英国不動産ファンド、解約停止は響きがよくない | ピクテ投信投資顧問株式会社

英国不動産ファンド、解約停止は響きがよくない 欧州/ユーロ圏 英国

英国のEU離脱の余波が英国不動産市場を揺るがしました。流動性が相対的に低い不動産市場でファンドが償還請求に応じられなかっただけとも言えますが、市場のセンチメントが悪化している中リスク回避の動きが見られました。

英国不動産ファンド:顧客取引停止
相次ぐ解約で資金対応に苦慮

英国では大手不動産ファンドの対顧客取引停止が相次ぎ、合計3本、約91億ポンド(約1兆2,100億円)の資産が凍結されました。英国民投票で欧州連合(EU)離脱が決まった後投資家からの償還請求が急増し、手元資金が不足していたことが背景と見られます。

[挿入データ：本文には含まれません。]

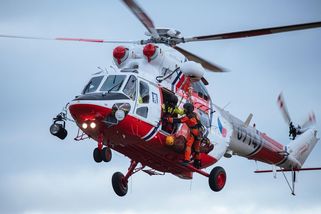 Armádní vrtulníky Sokol končí, nové nejsou. Dopad pocítí i letecká záchranka - Novinky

報道によると、3本のファンドの内訳は、2016年7月4日には英保険スタンダード・ライフ傘下のスタンダード・ライフ・インベストメンツが29億ポンド規模の英不動産ファンドの解約を停止し、5日には英保険プルデンシャル傘下のM&Gインベストメンツが44億ポンド規模のファンド「プロパティ・ポートフォリオ」の取引を停止、英保険アビバ傘下のアビバ・インベスターズも18億ポンド規模の不動産投資信託(REIT)「プロパティ・トラスト」を凍結しました。

どこに注目すべきか:解約停止、パリバショック、不動産ファンド

英国のEU離脱の余波が英国不動産市場を揺るがし、英国の株式市場では金融セクターが下落しました(図表1参照)。理屈で考えれば、流動性が相対的に低い不動産市場に投資するファンドが償還請求に応じられなかったに過ぎないとも言えますが、市場のセンチメントが悪化している中、為替市場ではポンド続落、円高進行と典型的なリスク回避の動きとなりました(図表2参照)。

まず、ファンドの解約停止という響きがよくありません。リーマンショックを知る投資家は「パリバショック」(BNPパリバ傘下のファンドが解約停止を突然公表、リーマンショックの前兆となった)でもこの言葉が使われたからです。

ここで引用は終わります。